U.S. Department of LaborOffice of Administrative Law Judges
800 K Street, NW, Suite 400-N
Washington, DC 20001-8002
DOL Seal

Date issued: March 27, 2003

CASE NO.: 2002-LCA-13

In the Matter of:

ADMINISTRATOR, WAGE AND HOUR DIVISION,
U.S. DEPARTMENT OF LABOR,
    Prosecuting Party,

v.

FARGO VA MEDICAL CENTER,
    Respondent.

DECISION AND ORDER

   This action arises under section 212(n) of the Immigration and Nationality Act ("INA"), 8 U.S.C. §1182(n), as amended, and the regulations at 20 C.F.R. 655, Subparts H and I. Both parties have agreed by stipulation that only legal issues remain in the case and jointly request that a decision be made based on the existing record.

Statement of the Case

   The U.S. Department of Veterans Affairs Medical Center in Fargo, North Dakota ("Respondent") is a participant in the H-1B program, in which employers can temporarily secure and employ non-immigrants to fill specialized jobs in the United States.
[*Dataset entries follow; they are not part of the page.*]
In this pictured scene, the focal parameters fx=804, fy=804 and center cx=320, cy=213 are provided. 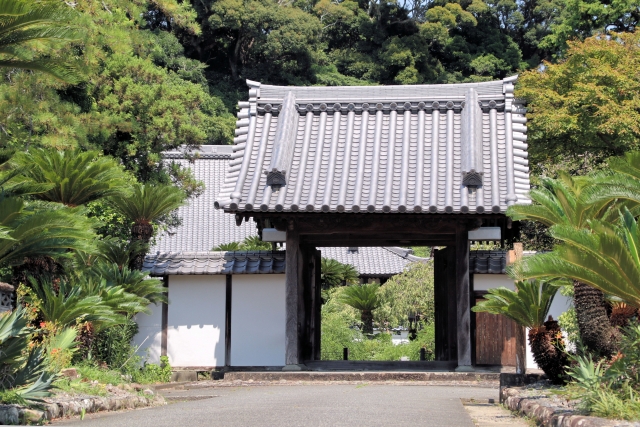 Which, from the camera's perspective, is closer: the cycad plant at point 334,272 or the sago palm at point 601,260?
the sago palm at point 601,260

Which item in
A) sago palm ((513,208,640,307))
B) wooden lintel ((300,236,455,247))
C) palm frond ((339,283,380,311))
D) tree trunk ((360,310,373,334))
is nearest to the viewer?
sago palm ((513,208,640,307))

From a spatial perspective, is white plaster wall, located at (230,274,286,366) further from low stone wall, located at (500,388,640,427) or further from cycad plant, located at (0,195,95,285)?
low stone wall, located at (500,388,640,427)

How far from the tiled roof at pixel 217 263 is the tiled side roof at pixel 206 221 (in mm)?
13436

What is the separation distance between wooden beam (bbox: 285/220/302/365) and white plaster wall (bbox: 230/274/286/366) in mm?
733

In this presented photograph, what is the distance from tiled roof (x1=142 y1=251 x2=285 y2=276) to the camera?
1648 centimetres

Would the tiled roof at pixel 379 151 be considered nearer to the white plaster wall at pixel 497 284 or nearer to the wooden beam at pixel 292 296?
the wooden beam at pixel 292 296

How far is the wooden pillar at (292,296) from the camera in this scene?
1530 centimetres

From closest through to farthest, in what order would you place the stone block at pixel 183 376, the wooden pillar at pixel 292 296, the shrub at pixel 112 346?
the shrub at pixel 112 346 < the wooden pillar at pixel 292 296 < the stone block at pixel 183 376

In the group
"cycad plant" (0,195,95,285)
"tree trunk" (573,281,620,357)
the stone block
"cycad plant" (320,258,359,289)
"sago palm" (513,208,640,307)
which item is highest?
"cycad plant" (320,258,359,289)

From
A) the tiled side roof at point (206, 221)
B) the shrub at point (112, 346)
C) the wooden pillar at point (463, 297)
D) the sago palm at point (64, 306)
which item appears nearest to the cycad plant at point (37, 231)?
the sago palm at point (64, 306)

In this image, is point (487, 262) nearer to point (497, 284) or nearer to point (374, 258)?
point (497, 284)

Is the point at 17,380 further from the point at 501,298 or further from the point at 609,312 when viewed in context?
the point at 609,312

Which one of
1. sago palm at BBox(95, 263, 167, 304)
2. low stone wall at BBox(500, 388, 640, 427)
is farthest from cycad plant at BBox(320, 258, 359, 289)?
low stone wall at BBox(500, 388, 640, 427)

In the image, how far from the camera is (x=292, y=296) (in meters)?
15.5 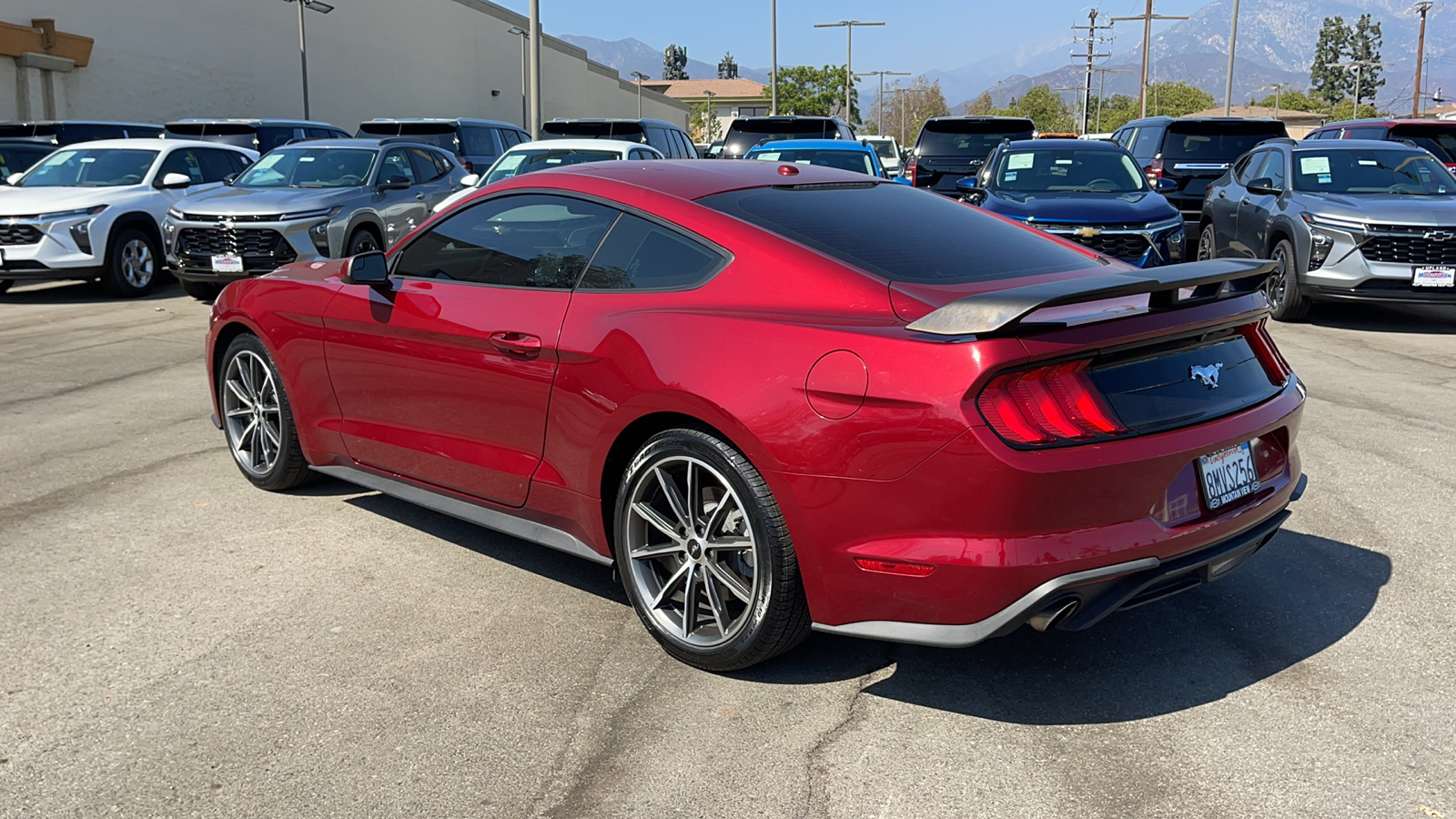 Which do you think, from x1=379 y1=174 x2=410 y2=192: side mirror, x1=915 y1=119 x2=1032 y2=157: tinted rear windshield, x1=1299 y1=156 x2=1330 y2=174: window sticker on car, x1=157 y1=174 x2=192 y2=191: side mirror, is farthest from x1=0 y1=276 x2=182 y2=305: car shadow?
x1=1299 y1=156 x2=1330 y2=174: window sticker on car

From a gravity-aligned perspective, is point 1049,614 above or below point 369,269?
below

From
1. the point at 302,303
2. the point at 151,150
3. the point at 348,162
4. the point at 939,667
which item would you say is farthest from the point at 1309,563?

See 8 U.S.C. §1182(n)(1)(A). The employer must file a labor condition application ("LCA") with and receive certification from the U.S. Department of Labor ("DOL") before the Bureau of Citizenship and Immigration Services ("BCIS") may approve an H-1B visa petition. See 8 U.S.C. §1101(a)(15)(H)(i)(B). The employer is required to pay an H-1B non-immigrant at least the required wage, defined as the higher of the actual wage or the local prevailing wage. See 8 U.S.C. §1182(n)(1)(A).

   On January 23, 2001 the Wage and Hour Administration of the DOL initiated an investigation of all H-1B LCAs filed by Respondent. This investigation was prompted by a complaint made against Respondent alleging the failure to pay an H-1B non-immigrant the required wage. The applicable prevailing wage rates for the H-1B non-immigrants were determined by the DOL Employment and Training Administration ("ETA"). Respondent appealed this determination and the ETA denied this appeal, upon which the case was referred to the Office of Administrative Law Judges ("OALJ"). On January 23, 2002, the undersigned affirmed the ETA's prevailing wage determination. See Fargo Veterans Affairs Medical Center v. Employment and Training Administration, 2001-LCA-31 (ALJ Jan. 23, 2002). The Administrator then issued a determination letter on March 20, 2002, finding that Respondent failed to pay the applicable prevailing wage in violation of 20 C.F.R. §655.731. Respondent appealed this determination and each party filed a motion for summary judgment.


[Page 2]

   The undersigned is in receipt of Administrator's Exhibits A-X and has reviewed said Exhibits. As Respondent did not object to any of the Administrator's Exhibits, they will be made part of the record. The parties also submitted Stipulations 1-59, all of which are fully incorporated herein.

   Respondent employed ten non-immigrant physicians under the H-1B program, paying them between $101,788 and $139,927. (Stipulations 2, 20). The wages for each physician varied depending on that physician's qualifications, experience, and area of specialization. Respondent calculated the rates of pay based on pay scales established for employees of the U.S. Veterans Health Administration ("VHA") at 38 U.S.C. §7404. (Stip. 24a). The ETA determined that the prevailing wage varied between $124,280 and $165,000. (Stip. 19). The parties have stipulated that the difference between the actual wages paid and the prevailing wages for the ten physicians is $212,499.14. (Stips. 22, 59).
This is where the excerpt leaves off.